> **What needs to be done**: Nothing in the data may be altered; the answer is a verbatim copy of it.

> **Collected data**:
= Beginning of Section =
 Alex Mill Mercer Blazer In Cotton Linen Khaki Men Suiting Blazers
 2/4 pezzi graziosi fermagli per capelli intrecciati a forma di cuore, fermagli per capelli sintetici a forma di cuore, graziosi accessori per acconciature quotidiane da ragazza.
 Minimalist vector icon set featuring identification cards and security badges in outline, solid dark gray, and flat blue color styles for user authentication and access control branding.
= End of Section =
> **Response box**:
 Alex Mill Mercer Blazer In Cotton Linen Khaki Men Suiting Blazers
 2/4 pezzi graziosi fermagli per capelli intrecciati a forma di cuore, fermagli per capelli sintetici a forma di cuore, graziosi accessori per acconciature quotidiane da ragazza.
 Minimalist vector icon set featuring identification cards and security badges in outline, solid dark gray, and flat blue color styles for user authentication and access control branding.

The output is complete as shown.